With everybody in Uber being about 15 years old, perhaps they haven’t been to business school yet, but there’s no way anyone can spin the malpractice of charging extra for having failed to enable supply to meet demand.
“With everybody in Uber being about 15 years old, perhaps they haven’t been to business school yet”
– Believe you me, they have been to business school. Loads of ex Wall Street, who put dollars first, ahead of everything else and are used to making people pay. (Do not forget that they could do no wrong as bankers, with bail out after bail out.) Ethics school would be a nice place to send the SLT of UBER.

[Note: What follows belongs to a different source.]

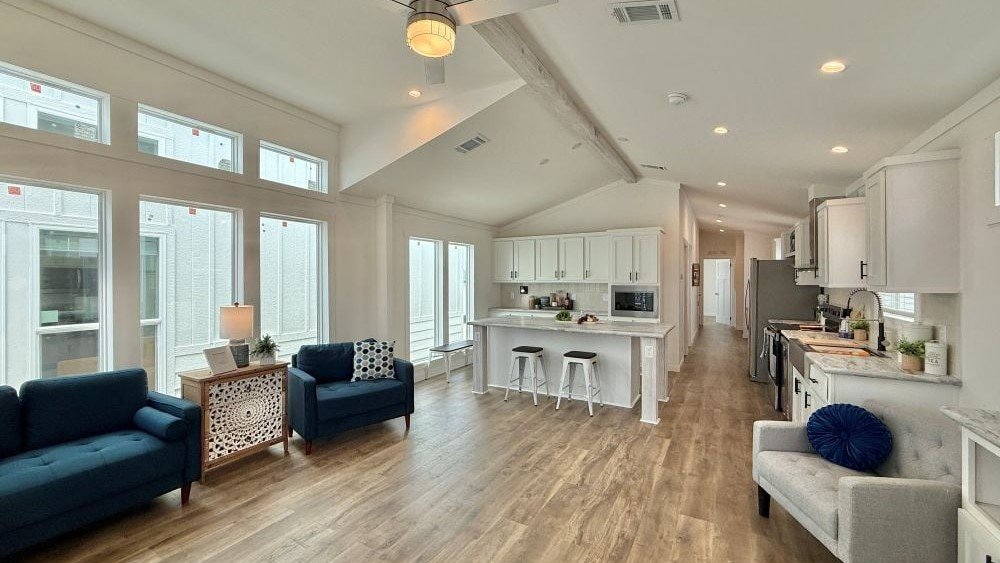 The Daniels 1 interior 8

p.s. Your apple analogy looks good and makes sense, kinda. However picture a storm up in North NSW and the banana crop is half wiped out for the season. Bananas, as a result, become far more expensive. Supply and demand…
Voting with feet, like you do, is something Wasll Street bankers are not used to (bail outs), so if we keep doing that then we can try to keep them honest 😉
I remember how insane that banana pricing was!!
Yes, there is certainly a bit of that. But at the same time, when you’re hiking in Nepal and there are only a few shops around, the price for toilet paper is insane.
It’s supply and demand. They say surge pricing is to encourage more drivers to also get on the road, to encourage for that supply.
I’m really sorry but this steady stream of needing content is annoying everyone. All this article says is ‘Uber’s new campaign is good’. No insight or analysis.
I have no doubt that this will be a successful campaign, but as for their social strategy, I wonder how strong this would have been without the awareness generated by the above the line spend i.e. wraps and masthead takeovers of the Herald and Telegraph.
That’s absolutely part of the campaign though – something that the big names want to talk about because they know there are people out there who want to know more.
Then maybe you should have mentioned that in your piece. You know, some analysis beyond Uber’s marketers being “geniuses” (they’re not) and its drivers being “bona fide legends” (they’re not).
Uber fans. Turkeys voting for Christmas comes to mind.
But they’re a tech company so, like, really cool.